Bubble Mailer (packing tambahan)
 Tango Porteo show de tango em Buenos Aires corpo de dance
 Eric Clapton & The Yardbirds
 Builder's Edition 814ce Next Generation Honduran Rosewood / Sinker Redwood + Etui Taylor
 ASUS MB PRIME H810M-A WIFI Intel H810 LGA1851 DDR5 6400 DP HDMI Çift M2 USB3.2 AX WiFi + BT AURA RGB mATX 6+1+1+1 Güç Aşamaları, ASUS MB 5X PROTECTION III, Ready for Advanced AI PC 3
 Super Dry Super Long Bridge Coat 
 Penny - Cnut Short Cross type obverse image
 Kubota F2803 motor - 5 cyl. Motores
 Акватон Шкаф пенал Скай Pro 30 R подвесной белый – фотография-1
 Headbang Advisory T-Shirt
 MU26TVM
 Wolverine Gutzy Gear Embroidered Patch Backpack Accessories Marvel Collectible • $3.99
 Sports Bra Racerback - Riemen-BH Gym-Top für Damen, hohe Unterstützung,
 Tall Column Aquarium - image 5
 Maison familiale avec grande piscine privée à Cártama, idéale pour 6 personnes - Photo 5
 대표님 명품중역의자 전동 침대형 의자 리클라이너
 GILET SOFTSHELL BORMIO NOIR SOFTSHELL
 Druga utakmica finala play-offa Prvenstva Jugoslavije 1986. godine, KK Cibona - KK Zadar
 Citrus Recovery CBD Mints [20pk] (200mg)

+++++

About this task: Make an exact copy of the lines running from the one with "Kubota F2803 motor - 5 cyl. Motores" to the last line of the listing, including both ends.

Solution for this problem:
 Kubota F2803 motor - 5 cyl. Motores
 Акватон Шкаф пенал Скай Pro 30 R подвесной белый – фотография-1
 Headbang Advisory T-Shirt
 MU26TVM
 Wolverine Gutzy Gear Embroidered Patch Backpack Accessories Marvel Collectible • $3.99
 Sports Bra Racerback - Riemen-BH Gym-Top für Damen, hohe Unterstützung,
 Tall Column Aquarium - image 5
 Maison familiale avec grande piscine privée à Cártama, idéale pour 6 personnes - Photo 5
 대표님 명품중역의자 전동 침대형 의자 리클라이너
 GILET SOFTSHELL BORMIO NOIR SOFTSHELL
 Druga utakmica finala play-offa Prvenstva Jugoslavije 1986. godine, KK Cibona - KK Zadar
 Citrus Recovery CBD Mints [20pk] (200mg)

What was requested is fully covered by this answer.